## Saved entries
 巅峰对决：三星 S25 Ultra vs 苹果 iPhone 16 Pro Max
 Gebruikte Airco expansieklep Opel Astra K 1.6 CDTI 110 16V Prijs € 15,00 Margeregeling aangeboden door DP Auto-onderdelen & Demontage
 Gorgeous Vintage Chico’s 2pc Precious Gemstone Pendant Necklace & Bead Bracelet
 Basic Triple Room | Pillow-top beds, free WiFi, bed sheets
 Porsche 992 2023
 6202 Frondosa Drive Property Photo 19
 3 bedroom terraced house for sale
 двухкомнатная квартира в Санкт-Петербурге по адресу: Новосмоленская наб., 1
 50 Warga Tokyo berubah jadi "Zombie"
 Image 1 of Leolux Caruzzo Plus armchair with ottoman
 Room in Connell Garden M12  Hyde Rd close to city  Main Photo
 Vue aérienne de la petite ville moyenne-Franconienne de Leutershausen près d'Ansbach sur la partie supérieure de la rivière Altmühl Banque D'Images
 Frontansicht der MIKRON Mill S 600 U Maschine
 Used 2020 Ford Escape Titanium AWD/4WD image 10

## Task brief
How many lines in the records hold the string "Photo"? Reply with the number alone.

## Finished exercise
2